• Continued from last week
I chat with two of the elders of the Yahweh Foundation. “It’s a pleasure to tell you,” Vince responds, when I ask him if he minds telling me his age. “I’m 82.” As teenagers growing up in Black Rock, Vince and friends used to pick fruits at night from neighbouring gardens, then walk along the beach in the dark, eating their fruit loot. “We used to walk with knives in those days,” he says, “to peel the oranges.” (A far cry from what the modern-day version of “we walk with knives” means).
They would fish from rocks using kite thread, a bent pin and a long piece of bamboo, catching small jacks with bait acquired from early-morning seines. “It used to be fun being a child,” Vince says, voice and eyes softening. “No TV, not even radio. You had to make your own games to enjoy. Not like now. All their senses in their fingers now.”

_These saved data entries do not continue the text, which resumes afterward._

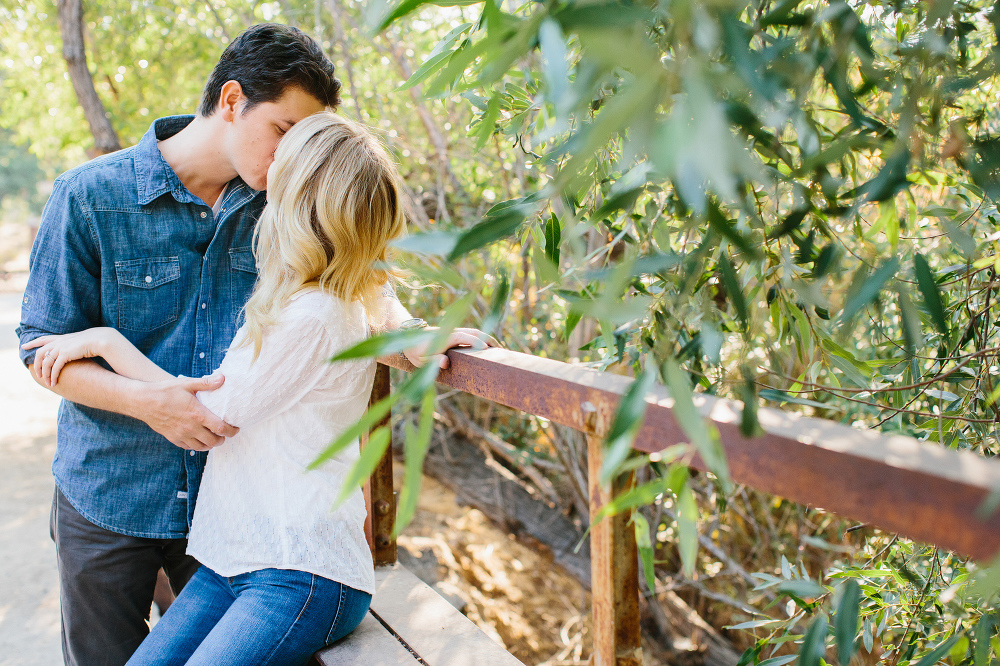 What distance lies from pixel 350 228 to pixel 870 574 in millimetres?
1219

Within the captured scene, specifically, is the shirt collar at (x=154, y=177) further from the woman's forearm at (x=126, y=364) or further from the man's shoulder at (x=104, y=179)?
the woman's forearm at (x=126, y=364)

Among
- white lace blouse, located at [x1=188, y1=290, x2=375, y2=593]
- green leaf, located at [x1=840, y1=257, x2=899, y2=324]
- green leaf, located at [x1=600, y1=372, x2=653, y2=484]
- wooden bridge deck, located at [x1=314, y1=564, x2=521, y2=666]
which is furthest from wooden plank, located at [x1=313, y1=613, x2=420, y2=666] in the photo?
green leaf, located at [x1=840, y1=257, x2=899, y2=324]

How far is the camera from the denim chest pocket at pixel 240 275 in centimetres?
169

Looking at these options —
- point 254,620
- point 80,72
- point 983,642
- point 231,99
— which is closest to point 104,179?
point 231,99

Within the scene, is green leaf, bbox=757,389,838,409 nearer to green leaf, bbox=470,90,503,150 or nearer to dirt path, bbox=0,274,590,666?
green leaf, bbox=470,90,503,150

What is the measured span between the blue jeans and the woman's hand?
566 mm

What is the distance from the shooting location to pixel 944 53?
66 centimetres

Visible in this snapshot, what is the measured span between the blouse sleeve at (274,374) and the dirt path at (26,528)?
212 cm

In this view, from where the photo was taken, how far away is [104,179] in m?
1.56

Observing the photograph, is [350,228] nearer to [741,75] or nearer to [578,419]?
[578,419]

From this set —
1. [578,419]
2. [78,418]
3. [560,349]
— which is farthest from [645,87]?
[560,349]

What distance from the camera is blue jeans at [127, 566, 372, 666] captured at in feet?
4.05

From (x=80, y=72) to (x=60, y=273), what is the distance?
3.68 m

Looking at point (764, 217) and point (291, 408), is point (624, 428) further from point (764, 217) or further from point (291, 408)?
point (291, 408)
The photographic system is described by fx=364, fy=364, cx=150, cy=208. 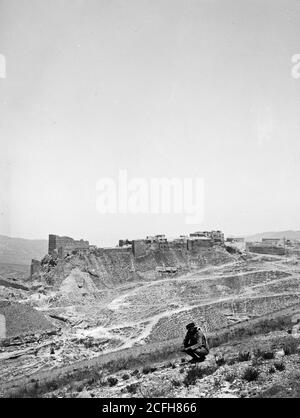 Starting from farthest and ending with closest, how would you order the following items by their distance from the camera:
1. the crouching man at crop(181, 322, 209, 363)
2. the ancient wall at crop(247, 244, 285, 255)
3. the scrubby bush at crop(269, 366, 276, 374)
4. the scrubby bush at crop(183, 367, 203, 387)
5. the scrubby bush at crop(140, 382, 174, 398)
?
the ancient wall at crop(247, 244, 285, 255)
the crouching man at crop(181, 322, 209, 363)
the scrubby bush at crop(183, 367, 203, 387)
the scrubby bush at crop(269, 366, 276, 374)
the scrubby bush at crop(140, 382, 174, 398)

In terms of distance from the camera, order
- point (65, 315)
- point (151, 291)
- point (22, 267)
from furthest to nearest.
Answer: point (22, 267)
point (151, 291)
point (65, 315)

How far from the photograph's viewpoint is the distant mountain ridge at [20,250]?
368 ft

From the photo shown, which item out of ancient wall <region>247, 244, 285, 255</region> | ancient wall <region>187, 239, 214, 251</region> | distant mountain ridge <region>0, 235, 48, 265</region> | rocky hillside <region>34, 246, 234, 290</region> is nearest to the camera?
rocky hillside <region>34, 246, 234, 290</region>

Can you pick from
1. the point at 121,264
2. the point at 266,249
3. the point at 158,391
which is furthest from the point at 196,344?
the point at 266,249

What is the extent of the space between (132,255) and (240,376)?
117ft

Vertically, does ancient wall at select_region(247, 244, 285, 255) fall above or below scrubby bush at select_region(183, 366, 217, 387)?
above

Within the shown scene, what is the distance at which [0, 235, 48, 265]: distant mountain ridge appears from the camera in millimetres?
112031

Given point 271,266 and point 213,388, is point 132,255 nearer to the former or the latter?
point 271,266

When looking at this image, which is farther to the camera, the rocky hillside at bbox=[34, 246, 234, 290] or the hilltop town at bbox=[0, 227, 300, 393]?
the rocky hillside at bbox=[34, 246, 234, 290]

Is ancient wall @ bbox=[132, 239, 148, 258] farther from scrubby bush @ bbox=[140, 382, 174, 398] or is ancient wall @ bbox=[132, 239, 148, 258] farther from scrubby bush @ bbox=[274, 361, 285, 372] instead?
scrubby bush @ bbox=[274, 361, 285, 372]

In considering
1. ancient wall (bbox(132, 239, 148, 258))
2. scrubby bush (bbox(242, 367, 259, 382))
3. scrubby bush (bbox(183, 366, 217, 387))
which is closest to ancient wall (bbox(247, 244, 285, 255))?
ancient wall (bbox(132, 239, 148, 258))

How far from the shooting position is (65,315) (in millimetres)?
30594

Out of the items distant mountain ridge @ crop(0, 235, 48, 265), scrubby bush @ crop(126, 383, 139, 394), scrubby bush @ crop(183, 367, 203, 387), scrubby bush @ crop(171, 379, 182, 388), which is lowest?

He stops and mimics the act of texting, rapidly moving his thumbs on an imaginary device. “You see a child walking down the road so … then peep peep, a car!” He stops, looks up quickly, then returns even more quickly to his “texting.” “They come home from school … straight to the computer. They don’t converse. All they do is on their fingers.” Tommy, a 77-year-old drummer and dance teacher who looks like 40, grew up in Trinidad, but lives in Tobago now.